$R$ is a commutative ring, show $xR[x]$ is prime iff $R[x]$ is an integral domain

Question

$R$ is a commutative ring, show $xR[x]$ is prime iff $R[x]$ is an integral domain and show $xR[x]$ is maximal iff $R[x]$ is a field.

Now, I'm trying to use the theorem that a quotient ring is an integral domain iff the ideal is prime, but this situation is a little different. Once I get one of the arguments down then i'm sure the only will follow by adopting a common strategy of how to turn the proof of why the quotient ring that is formed by using a maximal ideal is a field and adapting it to this situation.

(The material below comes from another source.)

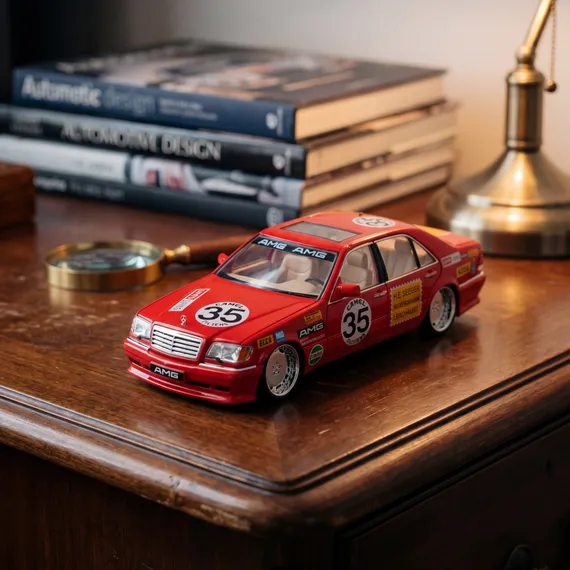 MERCEDES-BENZ W140 AMG 1:24 RED35 1900-401 A4491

Any help is appreciated!!

Answer 1

Consider $f:R[X]\rightarrow R$ defined by $f(P)=P(0)$, it is a morphism and its kernel is $XR[X]$.

Answer 2

I'd encourage proving these lemmas, which are all worth knowing:

$R[x]/(x)\cong R$

and

$R/I$ is a domain iff $I$ is a prime ideal.

and

$R[x]$ is a domain iff $R$ is a domain

If you chain these together, you will have your answer to the first question.

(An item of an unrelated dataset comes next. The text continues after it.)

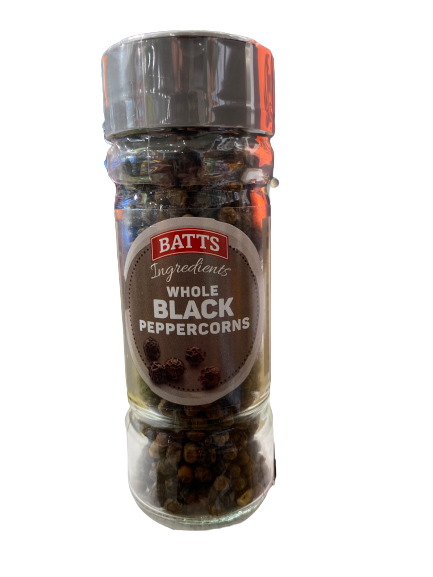 Batts Whole Black Peppercorns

The second question about $R[x]$ being a field is bogus. It is never a field since it always has the nonzero proper ideal $(x)$.

---

There is another plausible interpretation of your problem, if you perhaps made a mistake when writing it:

Prove the following

1. $R$ is a domain iff $(x)$ is prime in $R[x]$.

2. $R$ is a field iff $(x)$ is maximal in $R[x]$.

Those both also follow from the above lemmas.